Para o politólogo, "o PS enquanto governo é o único que pode capitalizar esta dimensão", mas também "sofrerá" consequências: por um lado, haverá "maiores reivindicações à esquerda de despesa pública", por outro, será necessário "manter os equilíbrios com Bruxelas, que exigem grande prudência e ponderação", avisou.
E o que já disse a esquerda que apoia o PS? Para a coordenadora do BE, Catarina Martins, notou que "as agências de rating são um instrumento especulativo" e, por isso, o Orçamento do Estado (OE) para 2018 não será negociado "tendo em conta o que dizem" essas agências, "mas sim tendo em conta prosseguir um trabalho equilibrado de recuperação de rendimentos de salários, pensões, proteção dos serviços públicos, combate à precariedade porque é só isso que poderá dar crescimento económico".
Segundo o secretário-geral do PCP, Jerónimo de Sousa, "a boa notícia que poderia haver era Portugal assumir a sua soberania no plano económico e monetário. Isso sim, seria uma boa notícia porque é esse caminho que determinará, independentemente desses avisos, a reposição de rendimentos e direitos do povo português", apontou. E deixou uma questão, citado pela Lusa: "Qual a natureza e quem determina as decisões dessas agências, que acabam por pressionar cada país?".
Os impactos do rating
Luís Nazaré, economista e professor no ISEG, admitiu ao DN/Dinheiro Vivo que "Portugal beneficiará alguma coisa com esta subida de rating", por haver "a questão reputacional nos mercados", mas foi pouco meigo na avaliação das agências de rating. "Sempre foram e continuam a ser entidades manhosas, de competência e seriedade duvidosas. Sobretudo as três principais: Fitch, S&P e Moody"s". E completou: "Os agentes do mercado, como os bancos de investimento, antes de decidirem os seus investimentos, olham para os ratings destas agências. É assim que o sistema funciona. O sistema está mau. Mas é assim que funciona."

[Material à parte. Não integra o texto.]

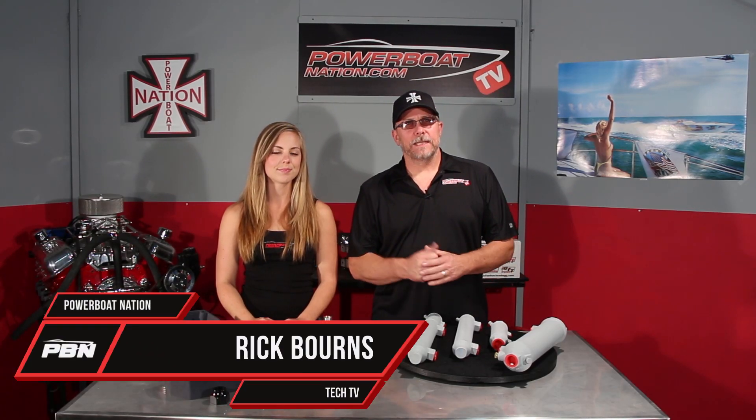Welcome to Powerboat Nation Tech TV. Today let's take a look at oil coolers and the different styles that are offered.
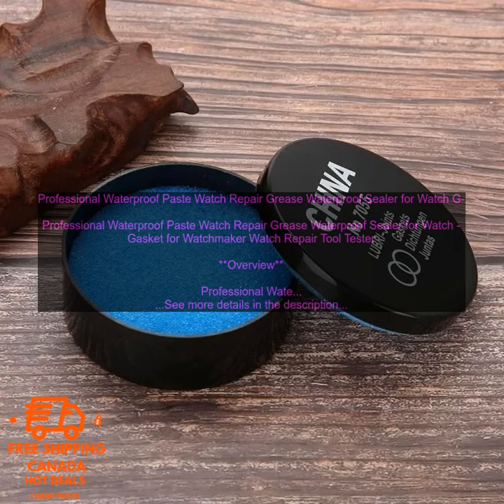Professional Waterproof Paste Watch Repair Grease is a water-resistant sealant used to create a waterproof seal between the watch case and the crystal. It is a thick, black paste that is applied to the gasket before the watch is assembled. The paste forms a waterproof barrier that prevents water from entering the watch.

Albino Oliveira, gestor da Patris, notou que "os principais impactos" com esta subida do rating serão "via folga orçamental e menores custos de financiamento", embora tenha apontado que esta notícia "será mais importante se houver uma segunda grande agência a subir o rating também". A Fitch avalia Portugal a 15 de dezembro, a Moody"s só no próximo ano.
Recordando que "até agora só tínhamos o rating [positivo] da DBRS", o diretor de investimentos do Banco Carregosa, João Pereira Leite, defendeu ao DN/Dinheiro Vivo que "haver mais uma agência é positivo e é uma boa notícia". "No dia-a-dia penso que é pouco provável que consigamos sentir impacto desta subida de rating. Nos mercados, é natural que os juros da dívida soberana portuguesa desçam. Para as empresas portuguesas é positivo, sobretudo para os bancos. As empresas podem agora aspirar a ver os seus ratings subir e poderem fazer emissões de dívida mais baratas", apontou.
Segundo Carlos Almeida, diretor de investimentos do Banco Best, "esta subida do rating acontece numa altura muito importante porque, até ao final do ano, o BCE deve anunciar o início da retirada do programa de compra de ativos, com uma redução do volume de compras" (o que levaria as taxas de juro de Portugal a subir nos mercados). "E também porque acontece antes de ser aprovado o OE para 2018 e permite ao Governo fazer algumas apostas e criar componentes de desenvolvimento e de captação de investimento, que fica agora muito mais favorecido", acrescentou.
Luís Tavares Bravo, economista da DIF Broker, sublinhou que "o impacto está essencialmente associado à estabilização do financiamento da economia portuguesa, seja privado, seja no acesso a financiamento do estado e dívida pública".